Saturday, June 6, 2009

How to travel through Sudan

Here is our recipe for travelling in Sudan:

The visa application in Cairo was relatively simple (if you can get the letter of introduction from your embassy, Czech nationals will have to write their own letter and ask for a proof of signature instead, Brits will pay around $50 for the letter but ti will be issued within 5 minutes). The visa cost $100, required two photos, the form written in duplicate and photocopies of the passport and Egypt visa. There is a guy with a photocopier in the embassy who charges 1LE per copy.
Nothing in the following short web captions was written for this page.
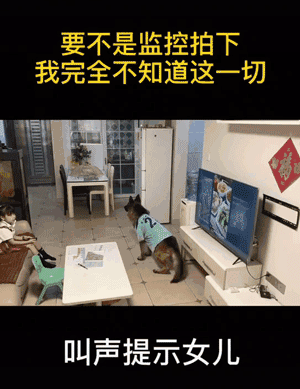 人类已经无法阻止宠物狗了……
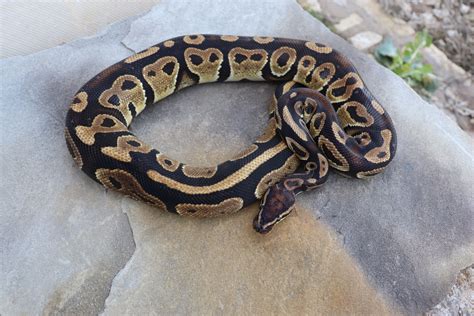 Toradh íomhá ar Bongo Ball Python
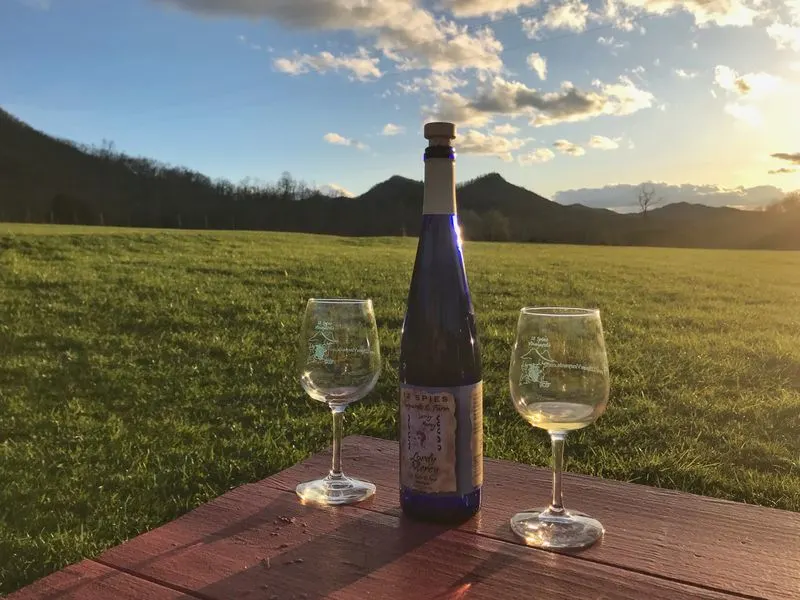 Wine Country, Waterfalls, and Rabun Terroir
The fare for the Aswan to Wadi Halfa ferry is 306LE for seat class and can be bought in Cairo, in a small office at Ramses train station.

We arrived at the port at 10am on Monday. Immigration and customs are fairly painless (unless, like most of the Sudanese passengers, you have boxes and boxes of luggage!) and you should be onboard by 12ish. You are given a meal ticket before boarding which entitles you to one meal, which was very nice - chicken, rice, bread, vegetable dish, salad and fruit. Most people used their ticket before we left. Further meals cost 14LE and a small packet of biscuits int he 1st class restaurant cost 1LE. Water and soft drinks cost 2.5LE. If you have any problems on the ferry you can look for Mr Mutaba, the chief engineer, his english is great and he can translate any questions to the immigration officials or anyone else you need to speak to.

The ferry should depart around 6pm but we were delayed due to high winds on the lake and left around 2:30am, I was happy to see such safety measures in place. During the journey we submitted our passports to the immigration officials in a cabin behind the 1st class restaurant. We passed Abu Simbel around 4pm and the captain came in very close so people could take photos, many people crowded to do so, not just the four western tourists on board. Later we stopped on the 22 parallel to swap the Egyptian guard for a Sudanese one and around 9pm we reached Wadi Halfa. Before we arrived we were ushered into the 1st class restaurant where the immigration procedure began. Once the officials arrived we had to fill three separate forms of our details and were required to have our temperature taken (we were not sure whether this was normal procedure or a result of the swine flu epidemic). It took about half an hour and we were able to disembark. Customs were very friendly and waved us through without even a cursory glance. Boksi (converted pick-ups) wait outside and charge 5SD to get to town.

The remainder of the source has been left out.